Vincitrice di tre Emmy Awards e da anni impegnata nel giornalismo d’inchiesta in zone di conflitto, Lynzy ha girato il suo reportage in due settimane lo scorso luglio tra le province di Kabul, Helmand e Panjshir, sperimentando un nuovo modo di lavorare: «Non ho preparato una lista di domande come sempre, le interviste sono nate da incontri casuali e coincidenze. Volevo che fossero loro a raccontare, perché molto spesso c’è un modo di ritrarre l’Afghanistan piuttosto restrittivo. Solo se si ha tempo di passare del tempo con le persone allora il ritratto non sarà riduttivo».

Ma è possibile restare emotivamente distaccati da tutto ciò che si documenta? «Penso che mi sarei dovuta sentire più “toccata” dalle cose, ma quando filmi o scatti fotografie non pensi davvero a quello che provi. Poi quando torni a casa ripensi a tutti coloro che hai incontrato e alle loro storie. Non mi capita di avere dei crolli, ma mi sfogo con il mio fidanzato. Anche lui è un giornalista e film maker, ci siamo incontrati proprio in Afghanistan, quindi ne discutiamo insieme perché condividiamo le stesse esperienze», rivela la fotogiornalista.  
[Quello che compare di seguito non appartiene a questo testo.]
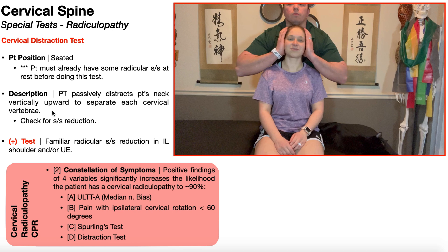The reason those movements increase radicular symptoms is because they close down or narrow each of the intervertebral foramina, where the nerve roots exit. And if you compress those nerve roots because the intervertebral foramina are more narrow, then you might increase radicular symptoms. This test does the opposite. By pulling the vertebrae apart and separating them, you actually widen the intervertebral foramina and create more space for the nerve roots, releasing some of that potential compression on them. And that's why you would get symptom reduction with the distraction test.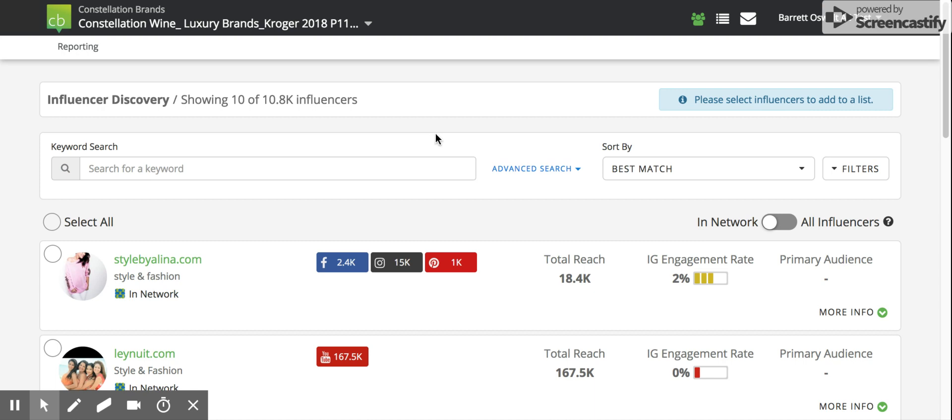Hi, welcome to Influencer Discovery. This tool is a search engine that allows you to find high quality influencers, create lists, and invite those influencers to your existing collective bias campaigns.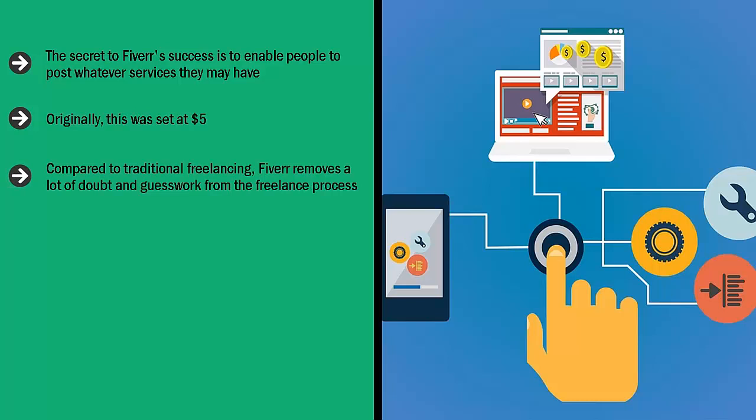Compared to traditional freelancing, Fiverr removes a lot of doubt and guesswork from the freelance process. When you go to places like Freelancer or Upwork, you see a listing of somebody who needs work done. As a potential freelance contractor, you send in your bid, but it's anybody's guess whether your bid will get accepted.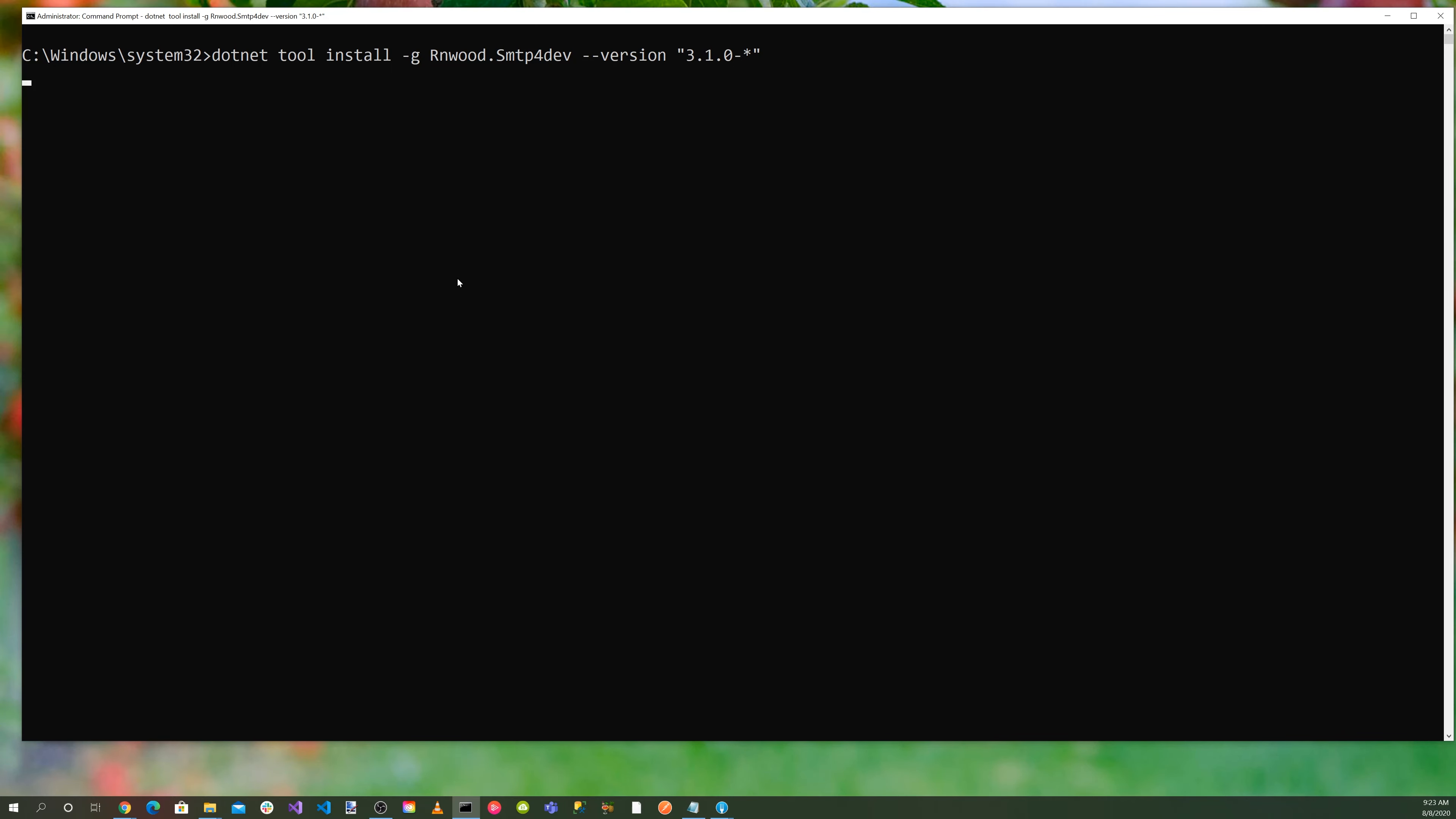dotnet tool install -g rnwood.smtp4dev --version 3.1.0. You can start SMTP for Dev by running smtp4dev.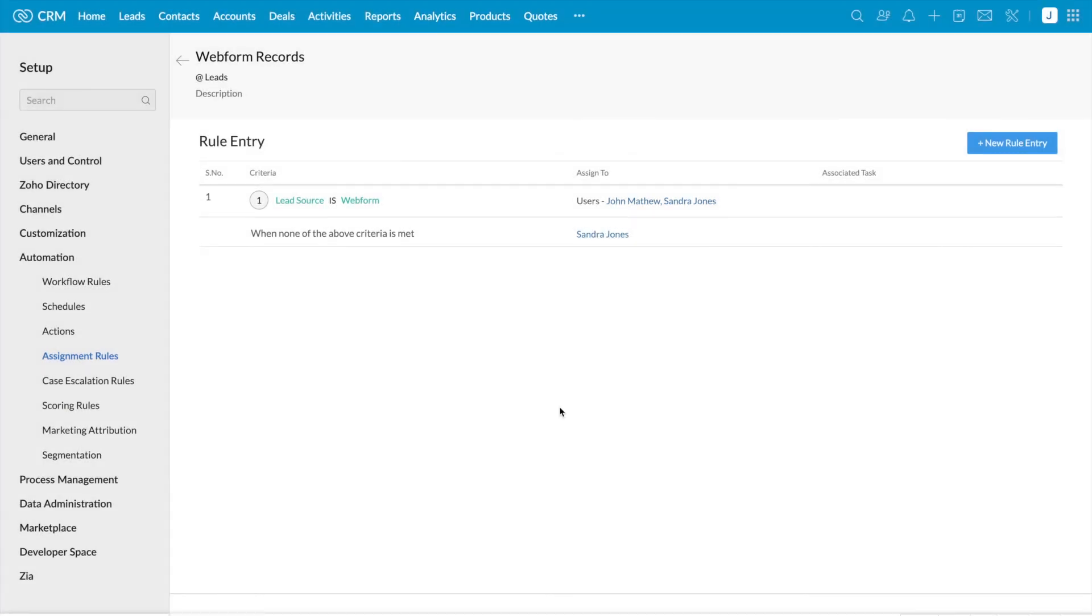So in this way, you can check the users availability and then assign the records. Thank you.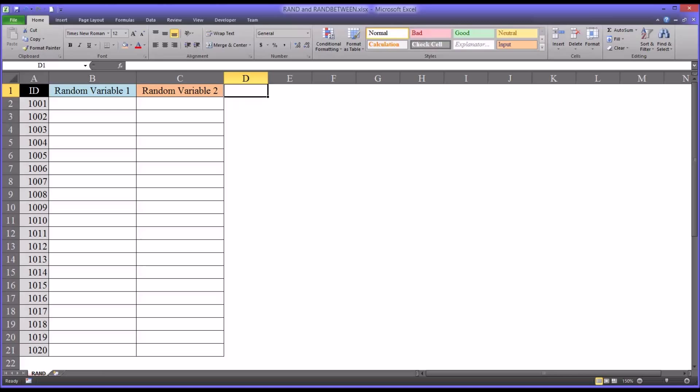Hello, this is Dr. Grande. Welcome to my video on using the RAND and RANDBETWEEN functions in Microsoft Excel to produce random numbers. Oftentimes in counseling research, it's helpful to be able to produce random numbers to facilitate functions such as random sampling and random assignment. And of course, in teaching, it's helpful to produce random numbers for purposes of demonstrating statistical concepts, for example.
Lei, che è appena tornata dalla Siria dove ha raccolto in nove giorni novemilacinquecento documenti sul sistema di oppressione e sulle condizioni nelle carceri durante il regime di Assad, ripartirà a breve: «Domani tornerò in Siria per fare di nuovo una lunga inchiesta, mentre il mese prossimo sarò in Afghanistan per continuare il lavoro sulle Unità Zero afghane supportate dalla CIA».